ASSIGNMENT: From the listing below, restate word for word the lines from the line containing "File:Obstructive superior vena" down through the line containing "FIBROMA (Soft tissue". Exclude pictures.

[TASK INPUTS Boundary: Start]

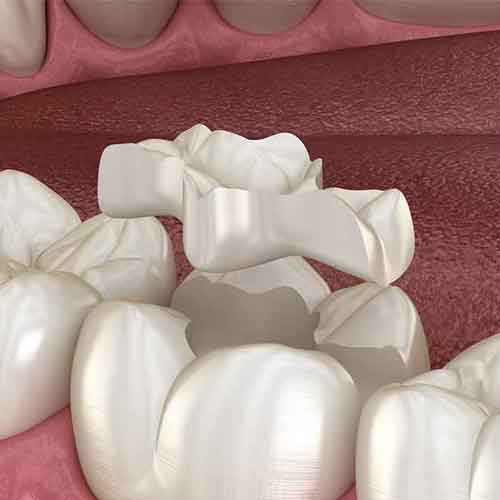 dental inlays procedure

[TASK INPUTS Boundary: End]
[TASK INPUTS Boundary: Start]

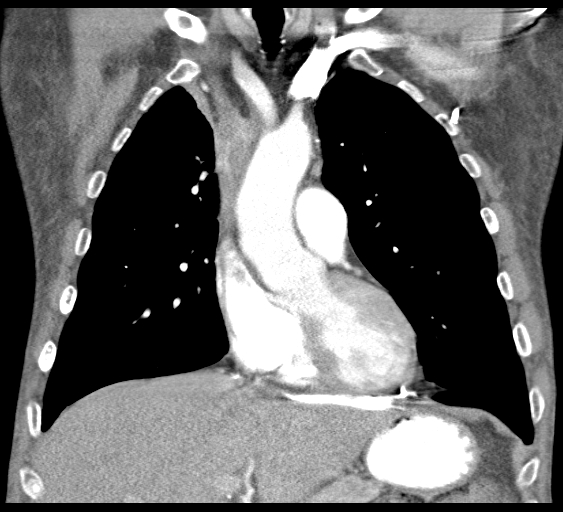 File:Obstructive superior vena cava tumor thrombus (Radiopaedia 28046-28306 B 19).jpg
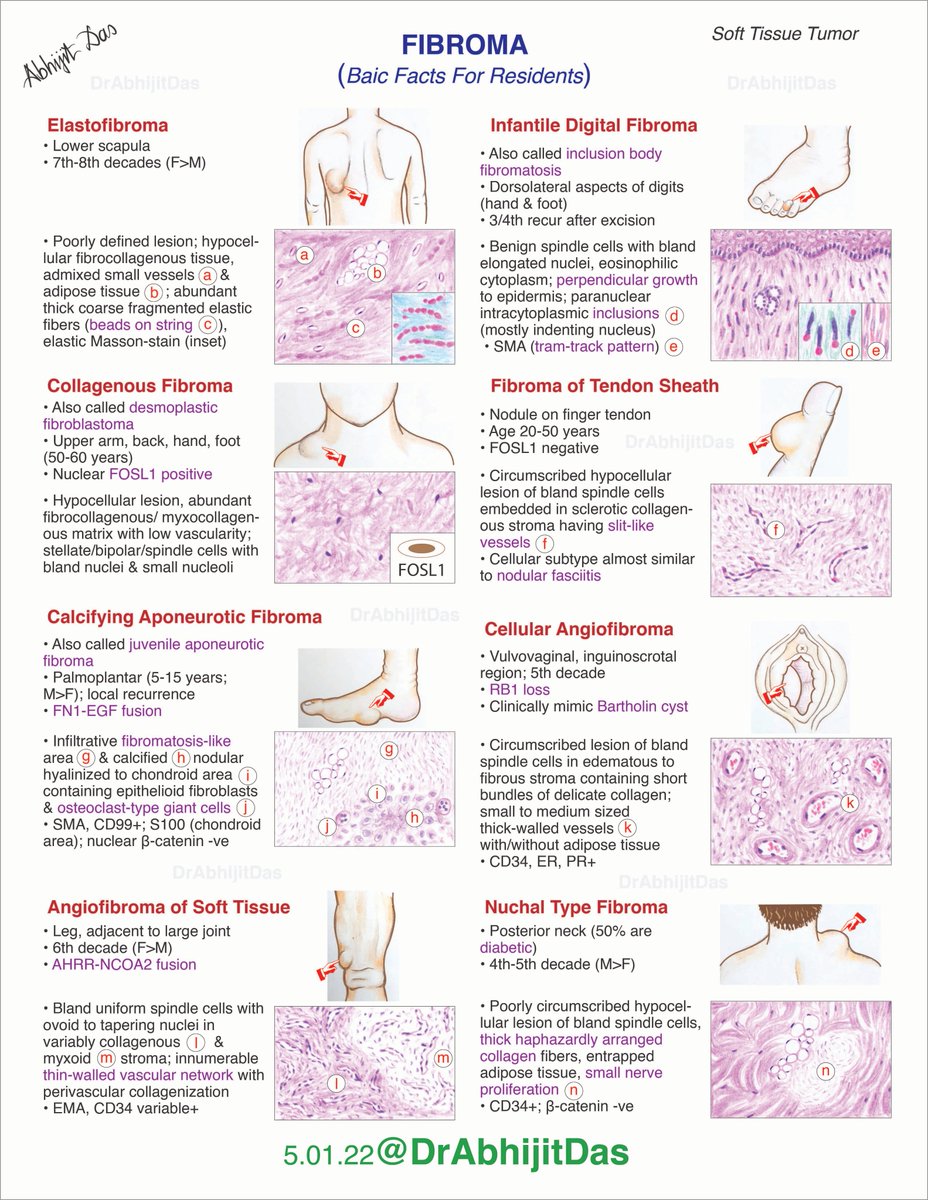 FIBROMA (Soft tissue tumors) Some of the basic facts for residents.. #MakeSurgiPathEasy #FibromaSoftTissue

[TASK INPUTS Boundary: End]

REPLY TO THE TASK:
 File:Obstructive superior vena cava tumor thrombus (Radiopaedia 28046-28306 B 19).jpg
 FIBROMA (Soft tissue tumors) Some of the basic facts for residents.. #MakeSurgiPathEasy #FibromaSoftTissue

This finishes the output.